--- DIRECTIONS FOR THIS TASK ---
Only the pictures are to be left out; return the rest of the data exactly as it stands.

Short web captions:
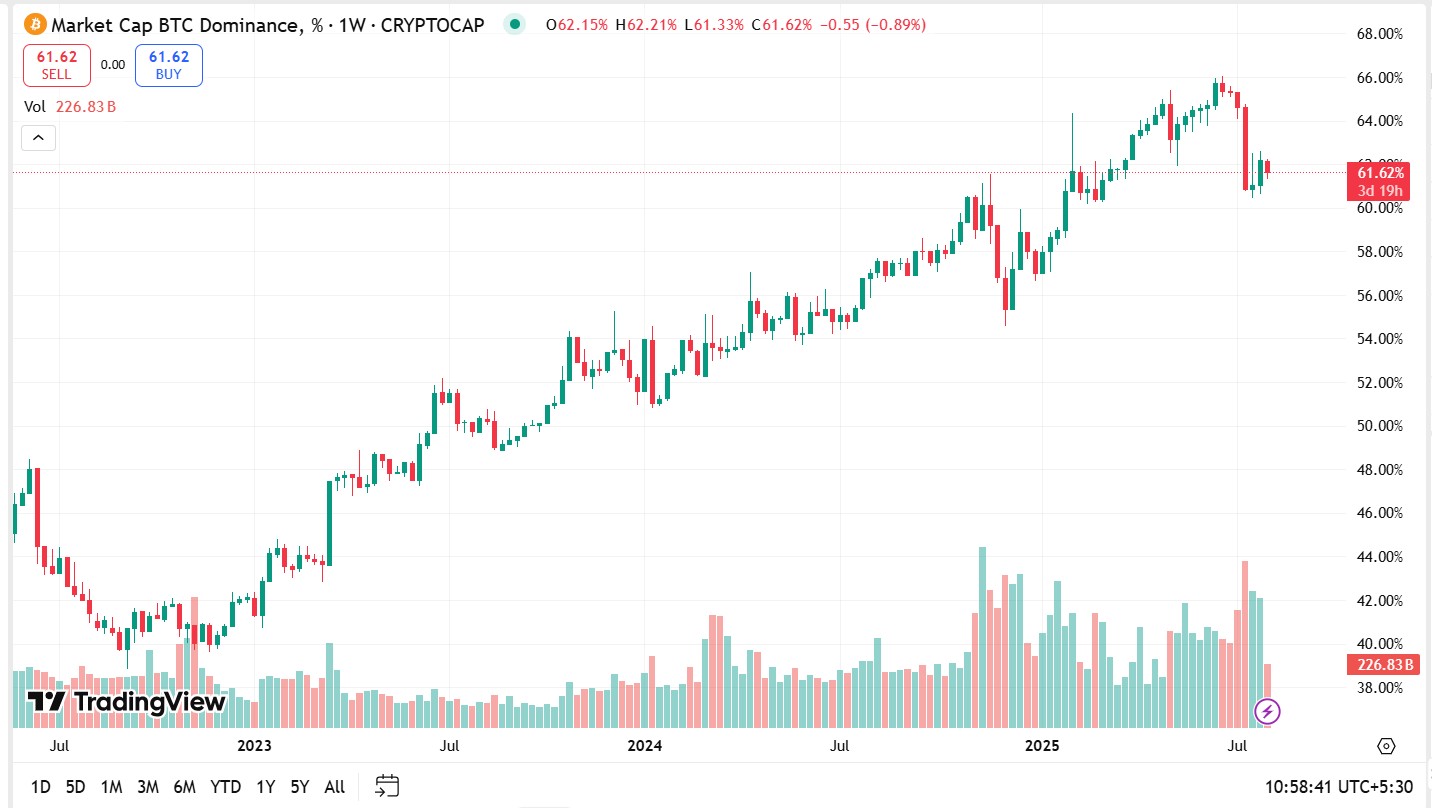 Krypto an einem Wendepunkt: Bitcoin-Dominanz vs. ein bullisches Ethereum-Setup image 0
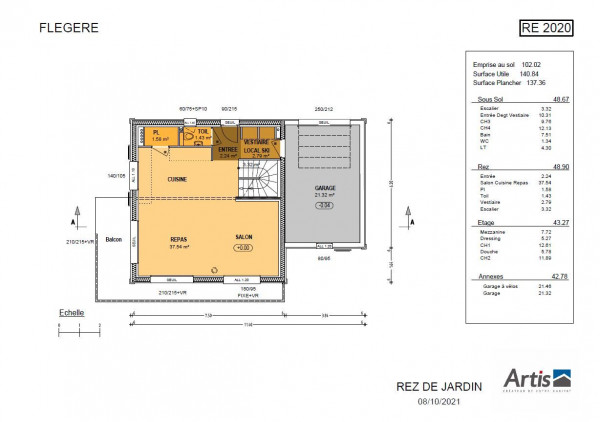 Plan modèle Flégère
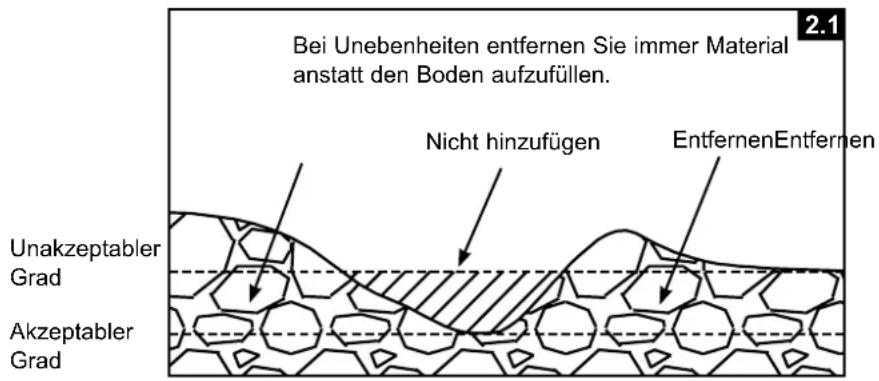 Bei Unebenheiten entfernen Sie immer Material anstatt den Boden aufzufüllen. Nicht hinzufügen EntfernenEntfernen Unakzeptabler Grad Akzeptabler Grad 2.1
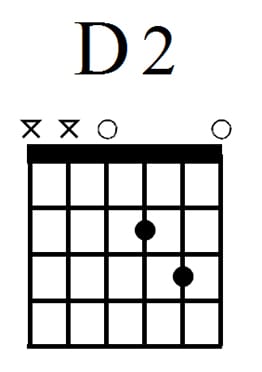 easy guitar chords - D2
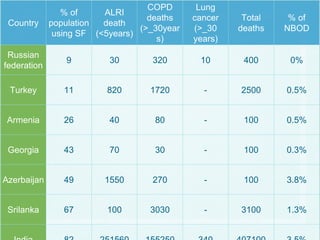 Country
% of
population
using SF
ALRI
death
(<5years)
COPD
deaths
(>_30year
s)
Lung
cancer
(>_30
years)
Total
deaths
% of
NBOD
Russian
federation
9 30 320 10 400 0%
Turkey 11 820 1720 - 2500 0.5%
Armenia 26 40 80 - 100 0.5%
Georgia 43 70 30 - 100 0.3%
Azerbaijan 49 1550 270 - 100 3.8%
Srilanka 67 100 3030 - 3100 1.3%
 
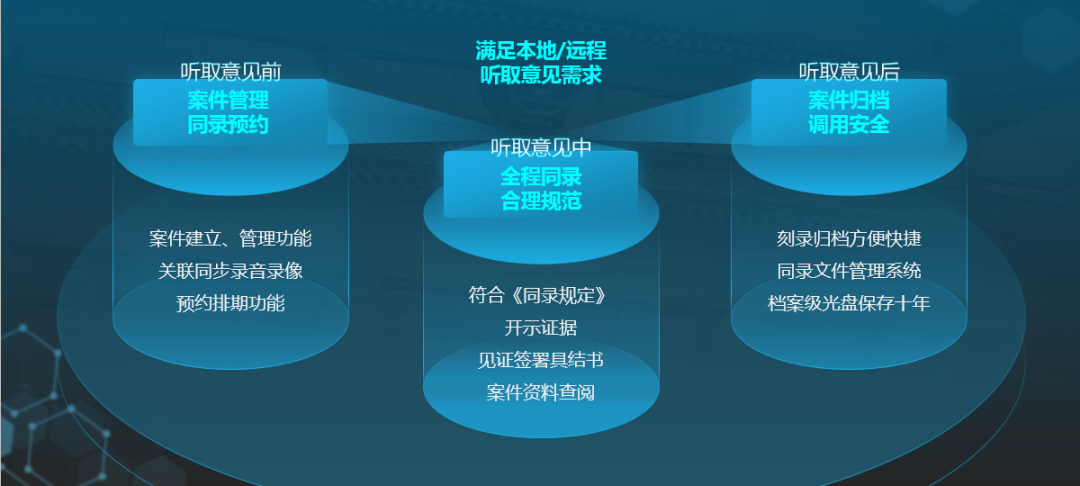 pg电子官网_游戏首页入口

--- RESULT ---
 Krypto an einem Wendepunkt: Bitcoin-Dominanz vs. ein bullisches Ethereum-Setup image 0
 Plan modèle Flégère
 Bei Unebenheiten entfernen Sie immer Material anstatt den Boden aufzufüllen. Nicht hinzufügen EntfernenEntfernen Unakzeptabler Grad Akzeptabler Grad 2.1
 easy guitar chords - D2
 Country
% of
population
using SF
ALRI
death
(<5years)
COPD
deaths
(>_30year
s)
Lung
cancer
(>_30
years)
Total
deaths
% of
NBOD
Russian
federation
9 30 320 10 400 0%
Turkey 11 820 1720 - 2500 0.5%
Armenia 26 40 80 - 100 0.5%
Georgia 43 70 30 - 100 0.3%
Azerbaijan 49 1550 270 - 100 3.8%
Srilanka 67 100 3030 - 3100 1.3%
 
 pg电子官网_游戏首页入口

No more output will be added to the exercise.